Here's a recurrence relation, $k$ is fixed:
$$\frac{1}{k}\sum_{n=i}^{k+i-1} a_n = a_{k+i}$$ for all $i\in \mathbb{N}$, and for $a_i$ with $1\leq i \leq k$ we have fixed non-negative real number intial conditions (i.e. $a_i \geq 0$). Find necessary and sufficient conditions for convergence of $\{a_n\}$.
I can show this is a bounded sequence and that the infimum and supremum of the sequence approach each other, however I cannot show that they are the same thing... thoughts? The reason it is difficult for me is because the method of using characteristic polynomials is that their degree is different for each $k$.

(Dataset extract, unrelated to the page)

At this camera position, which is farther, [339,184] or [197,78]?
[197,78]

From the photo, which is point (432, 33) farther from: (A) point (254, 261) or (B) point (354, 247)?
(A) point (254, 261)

Use generating functions. Define $A(z) = \sum_{i \ge 0} a_i z^i$. Write the recurrence as:
$\begin{align} a_{n + k} = \frac{1}{k} \sum_{0 \le n \le k - 1} a_{i + n} \end{align}$
Multiply by $z^i$, sum over $i \ge 0$, and recognize the sums:
$\begin{align} \sum_{i \ge 0} a_{i + r} z^i = \frac{A(z) - a_0 - a_1 z - \dotsb - a_{r - 1} z^{r - 1}}{z^r} \end{align}$
multiply through by $z^k$, solve for $A(z)$ to get:
$\begin{align} A(z) \left(1 - \frac{1}{k} \sum_{0 \le n \le k - 1} z^{k - n} \right) &= P(z) \\ A(z) \left( 1 - \frac{1}{k} \cdot \frac{z (1 - z^k)}{1 - z} \right) &= P(z) \end{align}$
Here $P(z)$ is a polynomial of degree at most $k - 1$ that depends on the initial values. We are interested in the zero of smallest absolute value of the polynomial that ends up as denominator:
$\begin{align} z^k + z^{k - 1} + \dotsb + z - k \end{align}$
By Descartes' rule of signs this has one real positive zero, which is seen to be $1$. Long division by $z - 1$ yields:
$\begin{align} p(z) = \sum_{1 \le s \le k} s z^{k - s} \end{align}$
To get a lower bound for the absolute values of the zeros of this polynomial is to get an upper bound for the zeros of:
$\begin{align} u^{k - 1} p(u^{-1}) = \sum_{0 \le s \le k - 1} (s + 1) u^s \end{align}$
The Fujiwara bound tells us that all zeros of the last one have absolute values less than:
$\begin{align} 2 \max \left\{ \frac{k}{k + 1}, \left(\frac{k - 1}{k}\right)^{1/2}, \dotsc, \left(\frac{1}{2 k}\right)^{1/(k - 1)} \right\} = \frac{2 k}{k + 1} \end{align}$
so all zeros of $p(z)$ have absolute value larger than $1$ if $k > 1$. Thus the solutions converge. And the only value to which they can converge is:
$\begin{align} \frac{1}{k} \sum_{0 \le n \le k - 1} a_n \end{align}$